▶ What you are asked to do: The lines below from the one with "Semi Truck with Trailer Rigged C4D 3D model" up to and including the one with "Item preview, Cute" are what you should set down, exactly and without pictures.

▶ Source information:
-------------------------
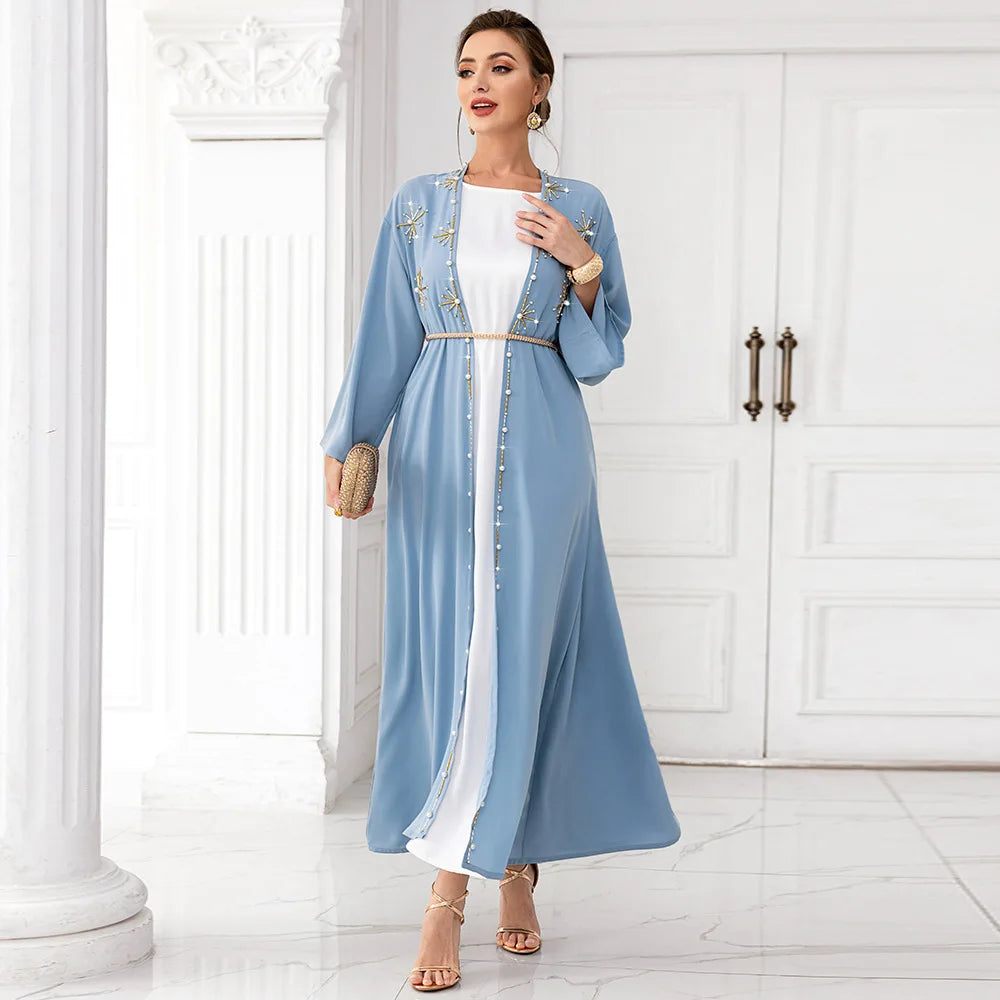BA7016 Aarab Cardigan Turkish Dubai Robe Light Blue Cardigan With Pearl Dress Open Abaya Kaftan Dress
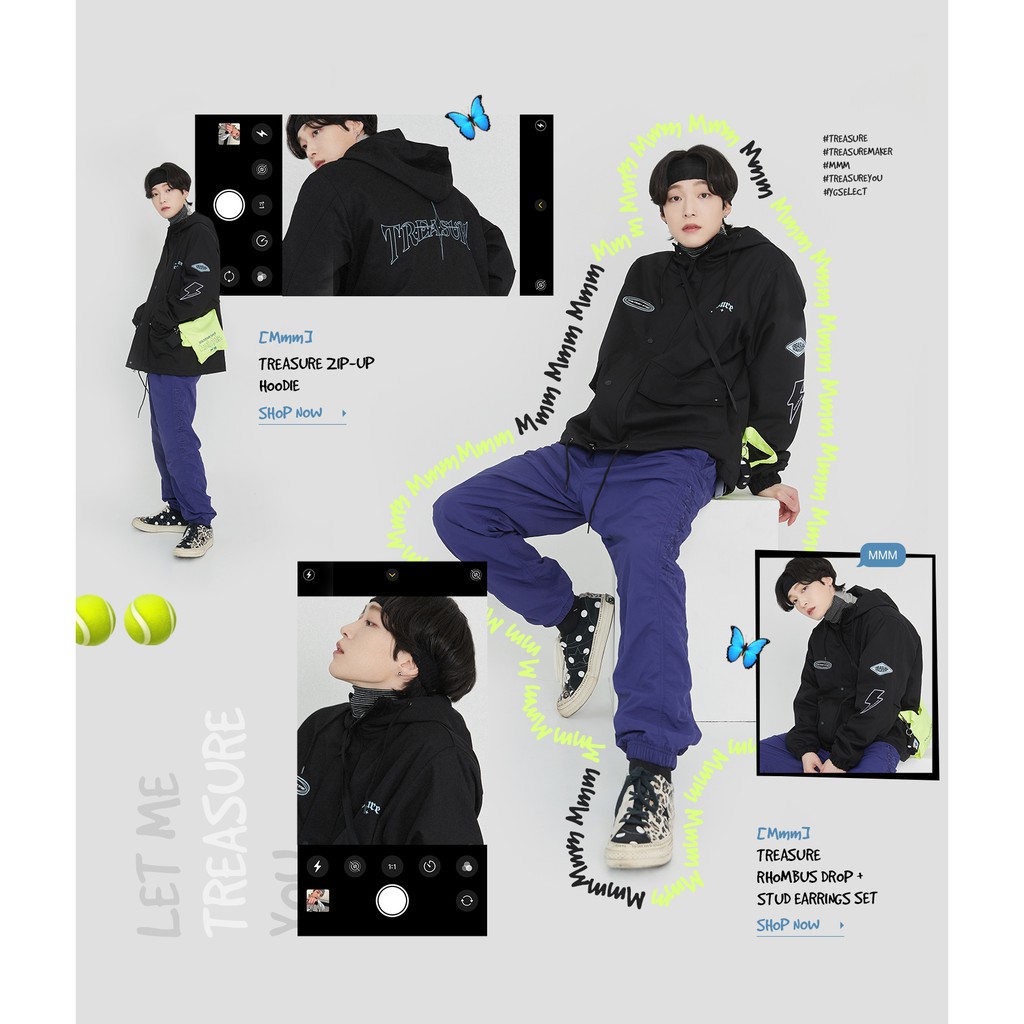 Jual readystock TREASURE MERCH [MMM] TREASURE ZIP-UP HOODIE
-------------------------
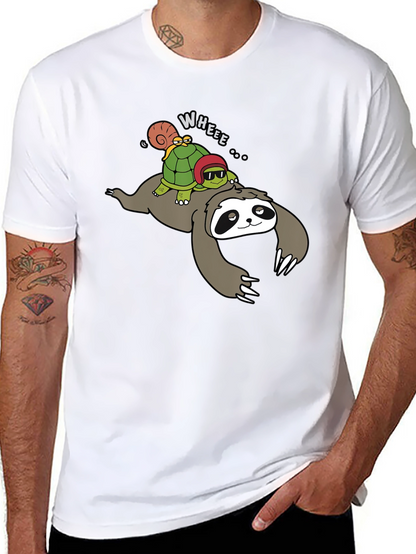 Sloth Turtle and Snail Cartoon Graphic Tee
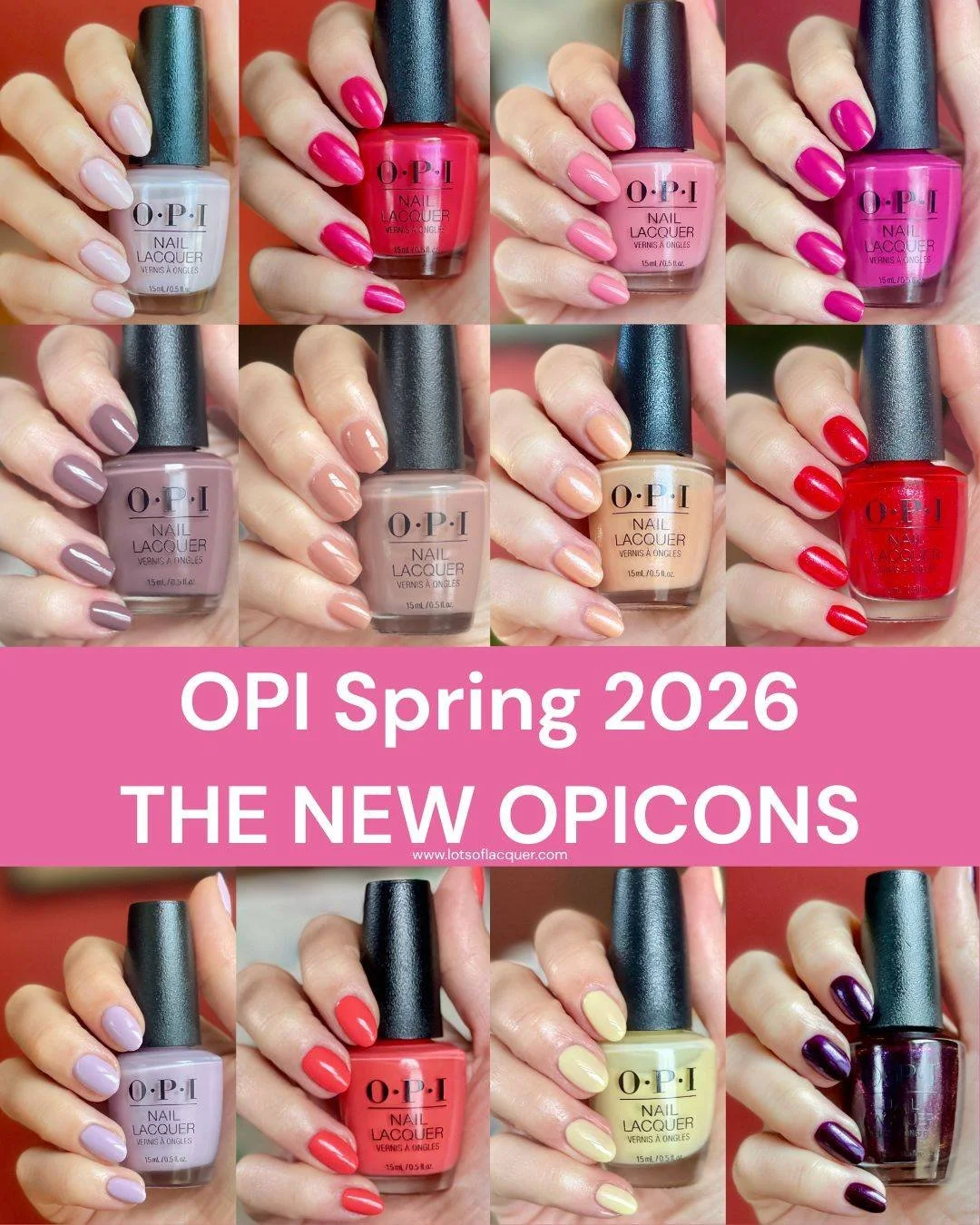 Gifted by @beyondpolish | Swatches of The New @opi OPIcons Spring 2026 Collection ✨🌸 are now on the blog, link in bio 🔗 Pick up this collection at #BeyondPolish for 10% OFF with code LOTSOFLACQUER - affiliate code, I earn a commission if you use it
-------------------------
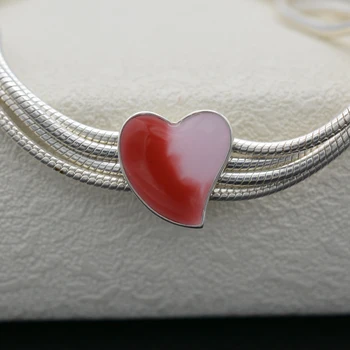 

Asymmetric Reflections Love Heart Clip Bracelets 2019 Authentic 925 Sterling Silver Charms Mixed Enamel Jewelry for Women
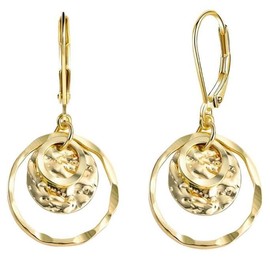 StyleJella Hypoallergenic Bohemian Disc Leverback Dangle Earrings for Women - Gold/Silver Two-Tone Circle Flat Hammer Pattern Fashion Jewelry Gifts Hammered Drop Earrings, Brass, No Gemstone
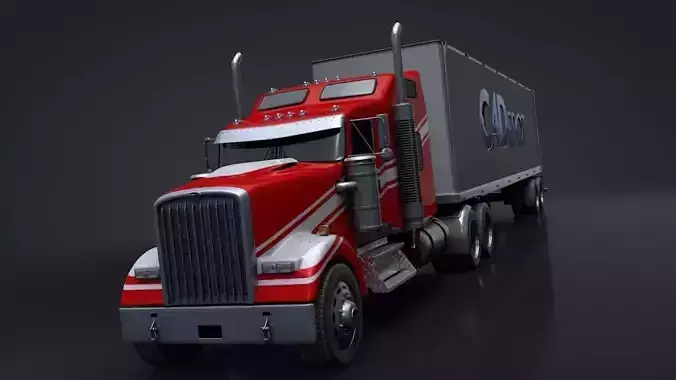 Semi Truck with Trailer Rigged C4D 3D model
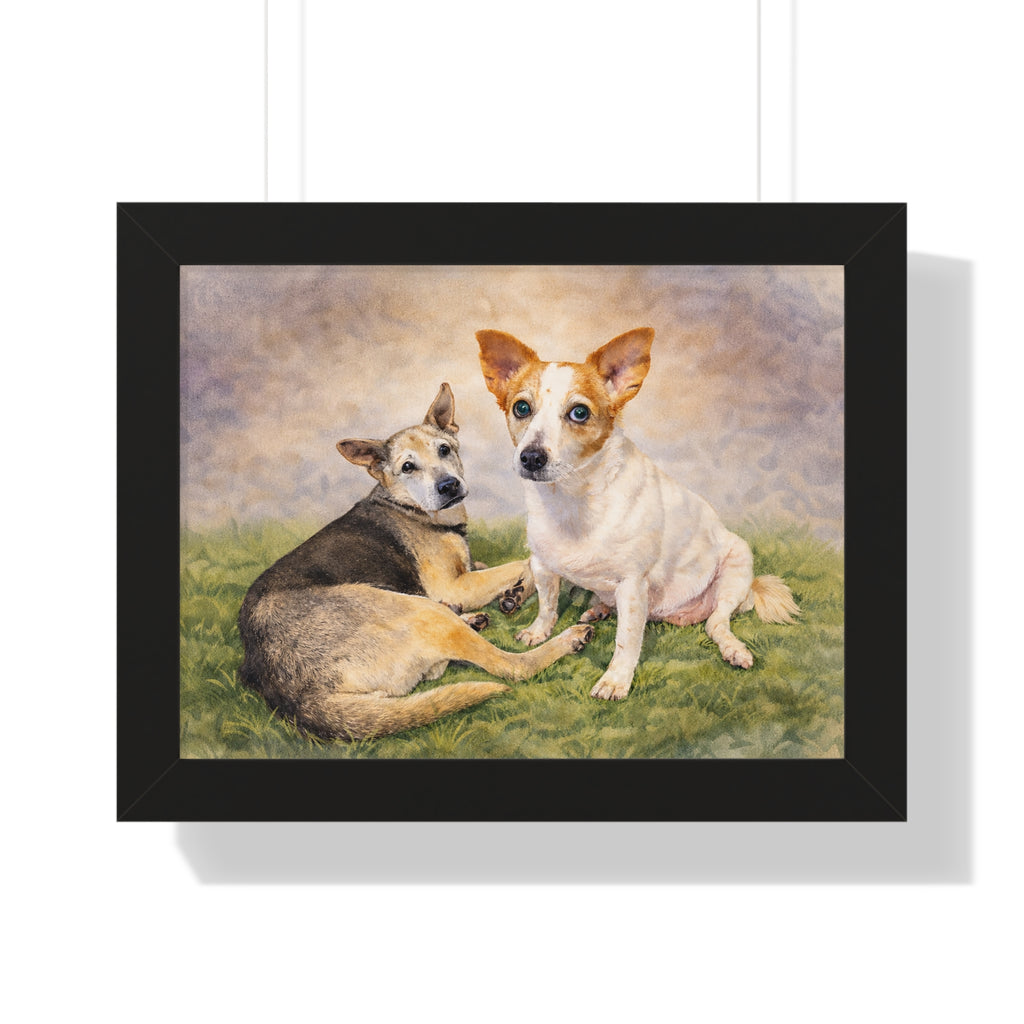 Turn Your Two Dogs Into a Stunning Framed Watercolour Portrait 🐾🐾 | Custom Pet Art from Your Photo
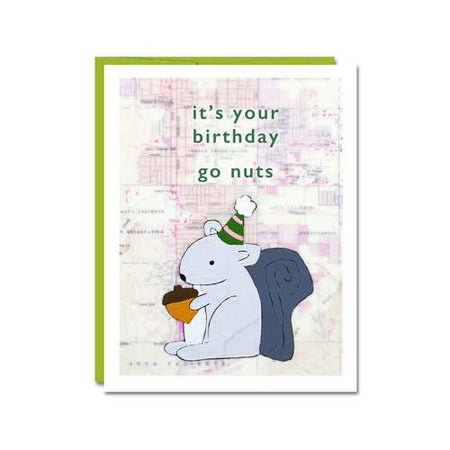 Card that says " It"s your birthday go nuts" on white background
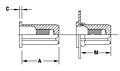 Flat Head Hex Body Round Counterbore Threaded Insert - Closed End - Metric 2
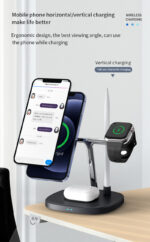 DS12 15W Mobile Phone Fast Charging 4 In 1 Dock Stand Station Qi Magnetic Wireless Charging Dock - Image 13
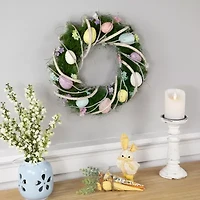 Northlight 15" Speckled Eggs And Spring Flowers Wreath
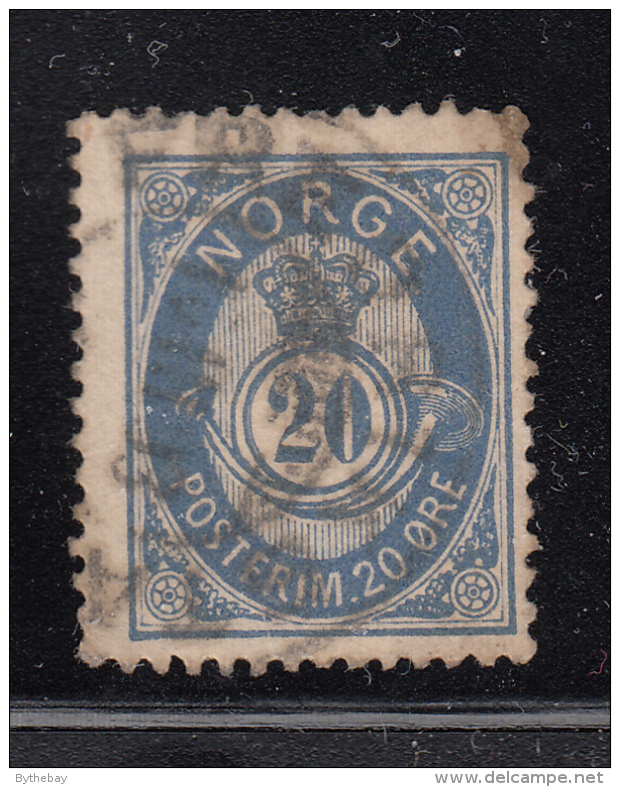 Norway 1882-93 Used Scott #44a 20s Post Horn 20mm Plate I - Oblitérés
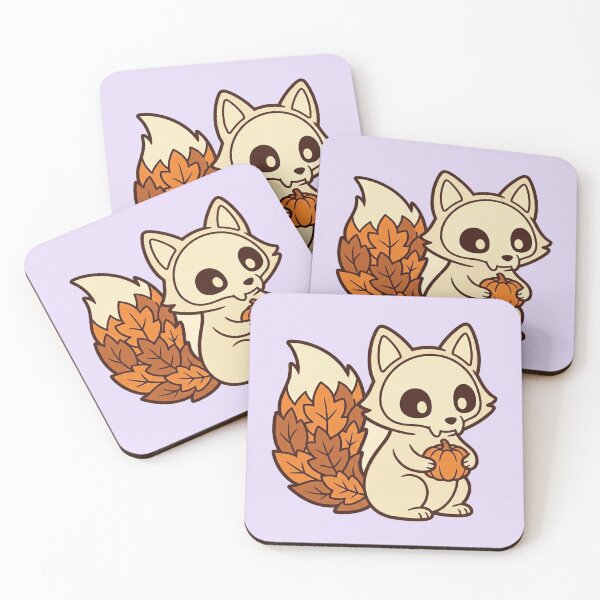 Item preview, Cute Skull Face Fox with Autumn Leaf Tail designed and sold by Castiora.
-------------------------
▶ Task answer:
 Semi Truck with Trailer Rigged C4D 3D model
 Turn Your Two Dogs Into a Stunning Framed Watercolour Portrait 🐾🐾 | Custom Pet Art from Your Photo
 Card that says " It"s your birthday go nuts" on white background
 Flat Head Hex Body Round Counterbore Threaded Insert - Closed End - Metric 2
 DS12 15W Mobile Phone Fast Charging 4 In 1 Dock Stand Station Qi Magnetic Wireless Charging Dock - Image 13
 Northlight 15" Speckled Eggs And Spring Flowers Wreath
 Norway 1882-93 Used Scott #44a 20s Post Horn 20mm Plate I - Oblitérés
 Item preview, Cute Skull Face Fox with Autumn Leaf Tail designed and sold by Castiora.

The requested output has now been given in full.